For the non-phenotype specific clumped analysis, the highest Bayes factor for annotation (22.84) was obtained for rs11177, which is a known GWAS hit associated with osteoarthritis on chromosome 3. It had a predicted value of 0.96. This SNP held all functional characteristics except three low-frequency characteristics: splice sites, miRNA targets, and Gencode transcription start sites. Thirty-five percent of the variants with the top 500 Bayes factors were known GWAS hits. The frequency of hits in the full data was 0.44%. The mean and median of the predicted values for the true hits in the test set were higher than those for the true non-hits (for hits: mean = 0.55 and median = 0.54; for non-hits: mean = 0.46 and median = 0.45).
For the autoimmune clumped analysis, the SNP with the highest Bayes factor was the same as for the non-phenotype specific clumped analysis, rs11177.
Investigation of the relative importance of different functional characteristics
The importance of a particular functional characteristic in predicting whether or not a SNP is more probable to be a GWAS hit is assessed by means of the magnitude of the coefficient assigned to the characteristic. In both the non-phenotype specific and autoimmune analyses we note that the nonsynonymous SNP functional characteristic had one of the highest coefficients (Figure 6). (The coefficients for both models are provided in Supplementary Information Part A.) GTEx eQTLs had the highest coefficient in the autoimmune analysis.
Investigating functional predictions in the context of known GWAS
We investigated: schizophrenia from a meta-analysis GWAS involving the first sample from the Psychiatric Genomics Consortium (PGC1) combined with a Swedish sample [15], systolic blood pressure from the International Consortium for Blood Pressure (ICBP) [16], and height from Genetic Investigation of Anthropomorphic Traits (GIANT) Consortium [17]. The studies analyzed over 35,000 cases and 47,000 controls, 200,000 individuals and, and over 180,000 individuals, respectively.
For each study, we stratified the quantile-quantile plots according to predicted value bins (Figure 7). We found that SNPs with higher predicted values from the non-phenotype specific clumped analysis tended to deviate more from the line corresponding to the overall GWAS, in favour of more association signals. Similar results were obtained for all three GWAS analyzed: schizophrenia, systolic blood pressure and height.
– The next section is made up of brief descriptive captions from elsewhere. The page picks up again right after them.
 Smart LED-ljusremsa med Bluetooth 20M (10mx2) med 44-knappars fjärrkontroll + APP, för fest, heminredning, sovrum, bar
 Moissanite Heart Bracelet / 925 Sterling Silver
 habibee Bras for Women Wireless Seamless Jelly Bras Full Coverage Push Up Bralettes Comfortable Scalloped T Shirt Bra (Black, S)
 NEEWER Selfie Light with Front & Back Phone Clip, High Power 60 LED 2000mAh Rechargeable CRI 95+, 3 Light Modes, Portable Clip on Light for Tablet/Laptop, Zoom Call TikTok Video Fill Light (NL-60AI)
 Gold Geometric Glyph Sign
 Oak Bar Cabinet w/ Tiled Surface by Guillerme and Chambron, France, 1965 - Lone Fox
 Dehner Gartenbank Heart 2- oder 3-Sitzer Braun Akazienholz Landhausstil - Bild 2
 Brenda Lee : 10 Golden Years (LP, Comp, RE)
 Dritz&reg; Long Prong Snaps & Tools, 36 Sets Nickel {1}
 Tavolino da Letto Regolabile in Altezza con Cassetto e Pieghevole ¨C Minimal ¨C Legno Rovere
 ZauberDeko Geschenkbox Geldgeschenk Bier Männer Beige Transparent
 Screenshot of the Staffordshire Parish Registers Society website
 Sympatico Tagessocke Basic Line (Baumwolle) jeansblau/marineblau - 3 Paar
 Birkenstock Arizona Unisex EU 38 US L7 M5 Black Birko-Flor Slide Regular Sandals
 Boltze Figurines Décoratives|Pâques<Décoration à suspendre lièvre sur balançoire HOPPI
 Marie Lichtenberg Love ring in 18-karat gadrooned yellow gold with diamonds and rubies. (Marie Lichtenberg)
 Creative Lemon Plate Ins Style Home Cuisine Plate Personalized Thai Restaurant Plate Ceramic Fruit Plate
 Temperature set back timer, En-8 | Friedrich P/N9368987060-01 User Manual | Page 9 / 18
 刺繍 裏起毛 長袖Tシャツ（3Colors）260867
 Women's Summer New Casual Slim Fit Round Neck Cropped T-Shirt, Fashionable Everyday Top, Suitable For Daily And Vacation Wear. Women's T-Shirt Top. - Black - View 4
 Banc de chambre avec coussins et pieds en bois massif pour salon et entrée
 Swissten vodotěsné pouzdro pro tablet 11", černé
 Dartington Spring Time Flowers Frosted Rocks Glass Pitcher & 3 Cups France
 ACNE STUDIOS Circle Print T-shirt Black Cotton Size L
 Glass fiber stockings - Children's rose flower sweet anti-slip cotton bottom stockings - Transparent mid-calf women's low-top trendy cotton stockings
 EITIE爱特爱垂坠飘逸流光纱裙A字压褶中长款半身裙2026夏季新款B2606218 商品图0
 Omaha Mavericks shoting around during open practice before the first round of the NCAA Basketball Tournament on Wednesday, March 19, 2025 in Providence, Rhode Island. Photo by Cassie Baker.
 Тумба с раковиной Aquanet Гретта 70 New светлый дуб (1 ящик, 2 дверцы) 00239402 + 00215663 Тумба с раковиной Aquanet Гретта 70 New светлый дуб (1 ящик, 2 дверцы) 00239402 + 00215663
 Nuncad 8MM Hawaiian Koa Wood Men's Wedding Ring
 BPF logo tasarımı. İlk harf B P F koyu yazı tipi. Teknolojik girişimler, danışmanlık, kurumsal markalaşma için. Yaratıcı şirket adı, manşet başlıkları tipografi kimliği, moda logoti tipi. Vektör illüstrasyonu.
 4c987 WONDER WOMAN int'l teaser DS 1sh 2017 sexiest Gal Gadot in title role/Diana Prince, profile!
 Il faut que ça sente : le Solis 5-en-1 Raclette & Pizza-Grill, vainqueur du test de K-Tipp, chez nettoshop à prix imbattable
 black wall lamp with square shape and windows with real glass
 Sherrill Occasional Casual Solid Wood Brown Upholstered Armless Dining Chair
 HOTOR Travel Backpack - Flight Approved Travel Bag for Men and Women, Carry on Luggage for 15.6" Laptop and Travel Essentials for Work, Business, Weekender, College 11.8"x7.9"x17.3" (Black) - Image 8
We obtained summary data obtained from a psoriasis GWAS study from Strange et al. [18]. We then selected 15 SNPs that were subsequently discovered in a meta-analysis [19]. Using summary association statistics from the Strange et al. study we derived Bayes factors for association (BFassoc) and Bayes factors based on association data combined with the annotation of functional characteristics (BFassoc*BFannot) for each SNP. We ranked the SNPs according to BFassoc, and ranked them again according to BFassoc*BFannot to determine whether annotating SNPs with their functional characteristics improved their rank (larger Bayes factors were assigned smaller ranks). BFannot values were derived from the non-phenotype specific clumped analysis using high-confidence GWAS hits. As negative controls, we took 8 independent sets of a random 15 SNPs (which were not in high LD with any of the 15 hits and had similar p-values to the hits) and compared the difference in the sum of ranks based on BFassoc versus BFassoc*BFannot. The procedure was repeated using BFannot derived from the autoimmune clumped analysis.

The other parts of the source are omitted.